And in times when new business is harder to attract, enabling your reps to sell across your product portfolio to existing customers becomes critical.
To keep your teams aware of cross-sell opportunities, every B2B sales leader should track product-specific metrics. Having a solid understanding of these metrics will allow B2B sales leaders to keep the team focused on what works in order to build revenue more predictably.
The following are six cross-sell metrics every B2B sales leader should track to maximize the return on your limited resources and keep the sales team as productive as possible in tight times.

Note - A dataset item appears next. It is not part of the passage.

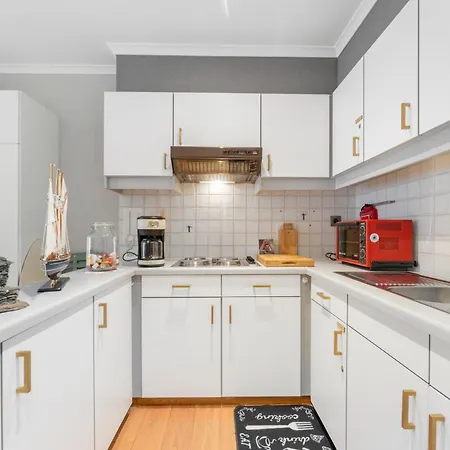 Apartment Caravel 0101 *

Read the Sales Productivity eBook to learn how you can eliminate drains on seller time to increase revenue productivity.
Cross-sell metric # 1: Sales Effort Spent
Are your sales reps spending the right amount of time on the right products?
Make sure you’re tracking effort spent by your sales reps on each product. One way to make this easy is to assign specific sales reps to focus on each product. That way, you can look at the costs associated with those particular reps and apply it as your sales-related customer acquisition cost (CAC) for that product.
This approach isn’t always practical when it’s important for reps to have conversations about multiple products with prospects and customers. Instead, have them fill out a very simple spreadsheet at the end of each day to indicate the approximate percentage of selling conversations associated with each product.
It doesn’t have to be perfect — but knowing they’re spending about 25% of their time on product A and about 75% on product B is extremely valuable when trying to piece together the efficiency of their opportunity generation and CAC for each product. You could even go so far as to enable the reps to track product-specific activity in the CRM, like Salesforce.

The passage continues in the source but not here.